Nuestros enemigos de clase acostumbran a quejarse de nuestro terrorismo. Lo que entienden por esto no está muy claro. Ellos querrían calificar de terrorismo todas las actividades del proletariado contra sus enemigos de clase. A sus ojos, la huelga es el principal método terrorista. Una amenaza de huelga, la organización de piquetes, el boicot a un patrón esclavista, el boicot moral a un traidor que ha salido de nuestras propias filas, dicen que todo esto es terrorismo. Si se entiende por tal toda acción que inspira temor o daña al enemigo de clase, entonces, naturalmente, toda la lucha de clases no es otra cosa que terrorismo. Y entonces ya sólo quedaría por saber si los políticos burgueses tienen derecho a derramar a raudales su indignación moral mientras que todo el Estado, sus leyes, su policía y su ejército no son más que un aparato de terror capitalista.
Sin embargo es preciso decir que cuando nos reprochan hacer terrorismo intentan, aunque no siempre a sabiendas, dar a este término un sentido más literal, más indirecto.
En este sentido estricto de la palabra, el deterioro de maquinaria por los trabajadores, por ejemplo, sería terrorismo. El asesinato de un empresario, amenazar con incendiar una fábrica o amenazar de muerte a su propietario, un intento de asesinato, revolver en mano, contra un ministro del gobierno, estas acciones sí son actos terroristas en su sentido pleno y auténtico. No obstante, cualquiera que tenga una idea de la verdadera naturaleza de la socialdemocracia internacional debería saber que siempre se ha opuesto, y del modo más intransigente, a esta especie de terrorismo.
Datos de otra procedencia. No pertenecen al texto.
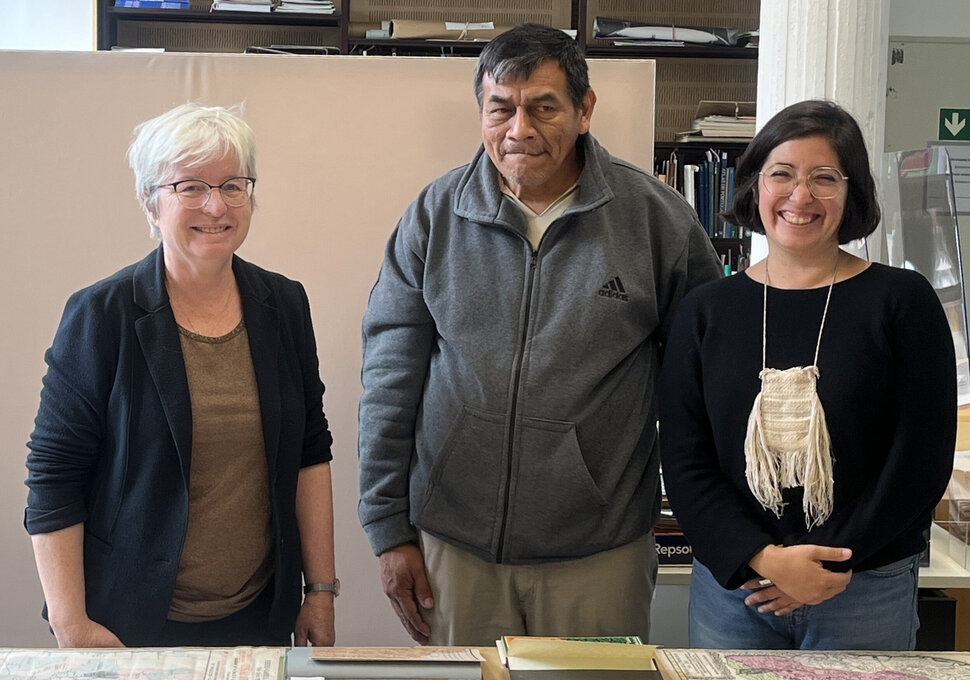 Drei Personen blicken in die Kamera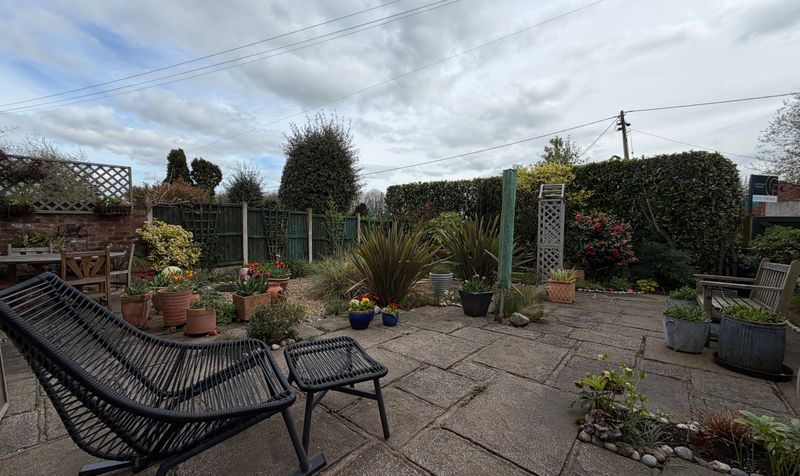 Hoole Bank, Hoole Village, CH2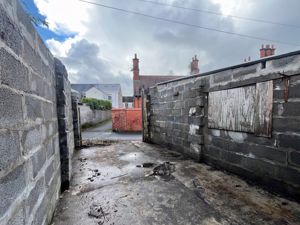 Photo 17- click for photo gallery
¿Por qué? Hacer terrorismo mediante una amenaza de huelga, o llevar a cabo una huelga, es algo que sólo pueden hacer los trabajadores de la industria. La significación social de una huelga depende directamente de dos factores. Primero: la importancia de la empresa o sector industrial que afecta. Segundo: el grado de organización, disciplina y disposición a la acción que tienen los trabajadores que la secundan. Esto vale tanto para las huelgas políticas como para las que tienen un motivo económico. Es el método de lucha que deriva directamente del papel productivo del proletariado en la sociedad moderna.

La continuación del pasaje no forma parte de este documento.